Afghanistan war lange Zeit unter Kontrolle eines Terrorregimes. Ganze Generationen wissen heute nicht, was es bedeutet in einer stabilen Gesellschaft zu leben. Dass sich die Dinge in so einem Land nicht von heute auf morgen ändern, dass ein solcher Einsatz unsere Geduld und Kraft fordert – das halte ich für absolut nachvollziehbar. So wünschenswert ein schnelles Ende unserer Beteiligung auch sein mag, ein Abzug unserer Soldatinnen und Soldaten zum jetzigen Zeitpunkt wäre kopflos und gefährlich. Für die Menschen in Afghanistan, aber auch für uns in Deutschland und Europa.

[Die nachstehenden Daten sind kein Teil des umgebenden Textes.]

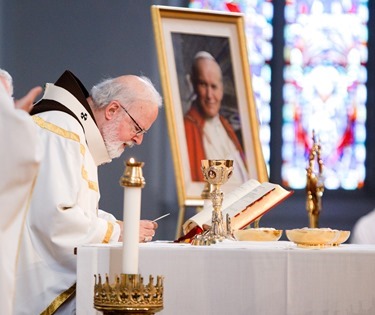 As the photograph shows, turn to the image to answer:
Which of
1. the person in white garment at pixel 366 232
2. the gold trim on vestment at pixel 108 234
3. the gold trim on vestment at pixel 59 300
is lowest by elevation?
the gold trim on vestment at pixel 59 300

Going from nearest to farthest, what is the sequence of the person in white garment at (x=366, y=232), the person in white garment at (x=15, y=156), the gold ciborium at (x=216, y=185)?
the person in white garment at (x=15, y=156) < the gold ciborium at (x=216, y=185) < the person in white garment at (x=366, y=232)

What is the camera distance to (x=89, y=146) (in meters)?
5.11

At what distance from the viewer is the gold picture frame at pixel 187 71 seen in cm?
825

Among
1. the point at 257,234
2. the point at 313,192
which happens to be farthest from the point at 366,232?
the point at 313,192

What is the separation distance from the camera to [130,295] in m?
2.99

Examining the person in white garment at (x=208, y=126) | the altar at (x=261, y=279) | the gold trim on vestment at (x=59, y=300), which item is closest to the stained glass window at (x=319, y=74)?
the person in white garment at (x=208, y=126)

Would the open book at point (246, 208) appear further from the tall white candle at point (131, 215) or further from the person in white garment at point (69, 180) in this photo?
the tall white candle at point (131, 215)

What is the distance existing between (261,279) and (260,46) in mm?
7092

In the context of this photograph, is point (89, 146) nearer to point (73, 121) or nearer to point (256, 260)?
point (73, 121)

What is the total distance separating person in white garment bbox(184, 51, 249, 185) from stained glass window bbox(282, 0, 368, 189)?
1.73m

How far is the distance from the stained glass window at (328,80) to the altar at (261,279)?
6.80 metres

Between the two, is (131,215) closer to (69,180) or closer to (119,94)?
(69,180)

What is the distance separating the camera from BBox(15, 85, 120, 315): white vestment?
14.4 feet

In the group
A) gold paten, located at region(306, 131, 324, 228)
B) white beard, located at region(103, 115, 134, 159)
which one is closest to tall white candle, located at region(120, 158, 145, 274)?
white beard, located at region(103, 115, 134, 159) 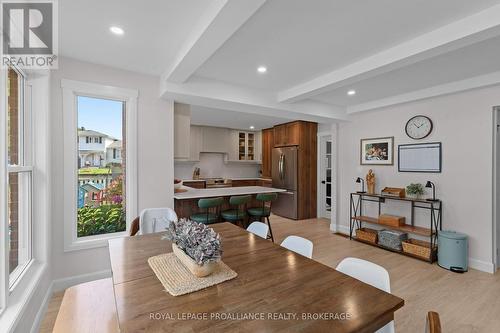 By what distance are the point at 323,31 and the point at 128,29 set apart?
5.46 feet

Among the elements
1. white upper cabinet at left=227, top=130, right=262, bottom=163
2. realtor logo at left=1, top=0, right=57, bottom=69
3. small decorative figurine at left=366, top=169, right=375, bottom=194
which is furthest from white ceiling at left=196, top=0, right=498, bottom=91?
white upper cabinet at left=227, top=130, right=262, bottom=163

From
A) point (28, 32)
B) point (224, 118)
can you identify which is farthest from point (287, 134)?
point (28, 32)

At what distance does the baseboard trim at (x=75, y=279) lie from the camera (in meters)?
2.54

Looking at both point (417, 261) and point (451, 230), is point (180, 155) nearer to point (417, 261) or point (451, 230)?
point (417, 261)

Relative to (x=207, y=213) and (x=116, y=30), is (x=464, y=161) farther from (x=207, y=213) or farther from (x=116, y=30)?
(x=116, y=30)

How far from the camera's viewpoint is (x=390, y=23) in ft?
6.22

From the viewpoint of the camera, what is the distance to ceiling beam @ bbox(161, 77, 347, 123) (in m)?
2.97

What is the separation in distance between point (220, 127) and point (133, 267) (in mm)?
5808

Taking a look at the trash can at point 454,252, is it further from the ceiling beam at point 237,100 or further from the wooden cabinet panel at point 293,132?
the wooden cabinet panel at point 293,132

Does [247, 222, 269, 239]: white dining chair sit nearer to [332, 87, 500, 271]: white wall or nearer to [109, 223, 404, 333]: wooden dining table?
[109, 223, 404, 333]: wooden dining table

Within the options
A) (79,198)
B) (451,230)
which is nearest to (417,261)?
(451,230)

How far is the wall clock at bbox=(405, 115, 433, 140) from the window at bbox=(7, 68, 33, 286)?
4.81 meters

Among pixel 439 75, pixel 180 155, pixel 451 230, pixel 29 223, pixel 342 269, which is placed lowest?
pixel 451 230

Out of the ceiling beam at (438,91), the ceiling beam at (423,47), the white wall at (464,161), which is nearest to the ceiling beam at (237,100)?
the ceiling beam at (438,91) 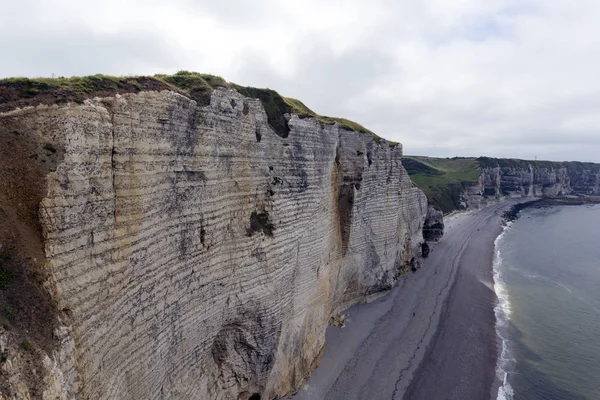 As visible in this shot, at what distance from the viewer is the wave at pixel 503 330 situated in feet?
85.6

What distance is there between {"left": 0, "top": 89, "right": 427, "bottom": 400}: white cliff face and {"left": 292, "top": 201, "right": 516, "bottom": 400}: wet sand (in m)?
2.53

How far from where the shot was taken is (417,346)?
1196 inches

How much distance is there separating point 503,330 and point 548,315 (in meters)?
7.90

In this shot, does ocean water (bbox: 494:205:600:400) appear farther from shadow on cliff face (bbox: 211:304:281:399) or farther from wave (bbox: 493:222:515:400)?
shadow on cliff face (bbox: 211:304:281:399)

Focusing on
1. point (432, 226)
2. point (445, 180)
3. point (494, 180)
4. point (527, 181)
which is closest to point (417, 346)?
point (432, 226)

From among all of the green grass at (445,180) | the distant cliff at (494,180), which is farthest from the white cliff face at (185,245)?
the distant cliff at (494,180)

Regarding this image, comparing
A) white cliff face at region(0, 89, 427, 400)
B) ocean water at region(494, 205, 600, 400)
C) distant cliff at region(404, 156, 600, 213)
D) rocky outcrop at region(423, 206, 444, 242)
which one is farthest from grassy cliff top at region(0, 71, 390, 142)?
distant cliff at region(404, 156, 600, 213)

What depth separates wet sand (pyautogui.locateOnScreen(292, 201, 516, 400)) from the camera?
25141mm

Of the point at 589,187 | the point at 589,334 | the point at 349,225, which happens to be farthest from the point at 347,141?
the point at 589,187

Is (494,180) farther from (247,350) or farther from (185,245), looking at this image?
(185,245)

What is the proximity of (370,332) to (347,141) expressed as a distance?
17157 mm

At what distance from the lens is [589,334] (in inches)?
1351

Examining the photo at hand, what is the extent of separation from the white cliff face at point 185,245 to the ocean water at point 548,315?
1693 centimetres

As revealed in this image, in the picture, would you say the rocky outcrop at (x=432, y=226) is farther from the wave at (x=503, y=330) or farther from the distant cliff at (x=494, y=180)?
the distant cliff at (x=494, y=180) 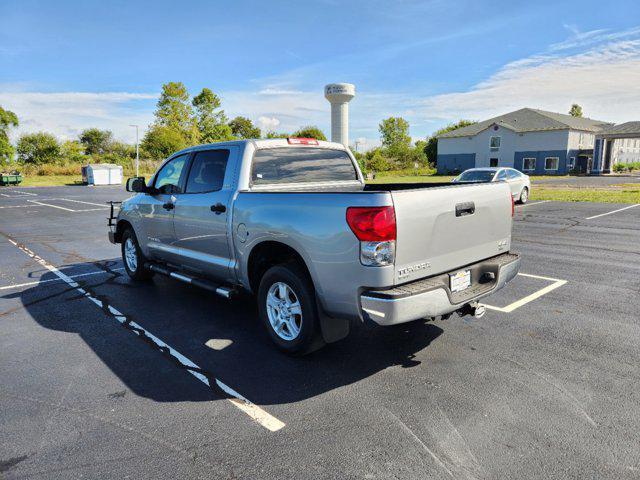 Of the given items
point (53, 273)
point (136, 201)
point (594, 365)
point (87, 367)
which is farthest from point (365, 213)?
point (53, 273)

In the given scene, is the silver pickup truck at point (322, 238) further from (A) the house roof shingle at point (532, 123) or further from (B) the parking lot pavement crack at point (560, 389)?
(A) the house roof shingle at point (532, 123)

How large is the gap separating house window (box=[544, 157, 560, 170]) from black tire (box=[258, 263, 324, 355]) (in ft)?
183

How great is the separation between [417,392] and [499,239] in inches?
68.3

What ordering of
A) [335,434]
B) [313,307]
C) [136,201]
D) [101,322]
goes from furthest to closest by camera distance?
[136,201]
[101,322]
[313,307]
[335,434]

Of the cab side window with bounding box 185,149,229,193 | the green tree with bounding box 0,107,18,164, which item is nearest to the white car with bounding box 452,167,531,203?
the cab side window with bounding box 185,149,229,193

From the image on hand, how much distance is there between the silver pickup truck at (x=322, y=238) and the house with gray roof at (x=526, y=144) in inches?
2119

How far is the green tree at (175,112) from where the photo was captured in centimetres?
6334

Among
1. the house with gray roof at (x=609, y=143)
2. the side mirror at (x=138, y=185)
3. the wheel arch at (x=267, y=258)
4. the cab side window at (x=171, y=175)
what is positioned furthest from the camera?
the house with gray roof at (x=609, y=143)

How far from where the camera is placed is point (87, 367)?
13.0 feet

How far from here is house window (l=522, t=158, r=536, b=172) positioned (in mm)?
53281

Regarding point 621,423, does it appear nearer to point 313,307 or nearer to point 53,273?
point 313,307

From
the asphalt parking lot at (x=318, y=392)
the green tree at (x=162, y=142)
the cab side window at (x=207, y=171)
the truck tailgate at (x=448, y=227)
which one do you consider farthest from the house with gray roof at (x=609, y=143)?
the cab side window at (x=207, y=171)

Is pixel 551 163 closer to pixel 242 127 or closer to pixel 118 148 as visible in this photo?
pixel 242 127

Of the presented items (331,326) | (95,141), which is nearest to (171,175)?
(331,326) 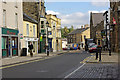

Ich werde nicht müde zu betonen, dass die Flüchtlingskrise aus dem Jahr 2015 für uns alle eine Warnung sein muss. Die großen Krisen dieser Welt sind unmittelbar vor der Haustür Europas. Und wenn wir wollen, dass diese Probleme nicht zu uns kommen, sondern vor Ort gelöst werden, dann darf man in Deutschland nicht nur über Frieden und Stabilität philosophieren. Sondern man muss auch konkret als Teil einer internationalen Verantwortungsgemeinschaft handeln.   

Ich möchte auch noch einmal daran erinnern, dass wir uns nicht mehr hinter unserem engsten Partner, den USA, verstecken können. Die globalen Konflikte sind komplexer geworden und Deutschland muss lernen, nicht nur in Europa, sondern auch international mehr Verantwortung zu übernehmen.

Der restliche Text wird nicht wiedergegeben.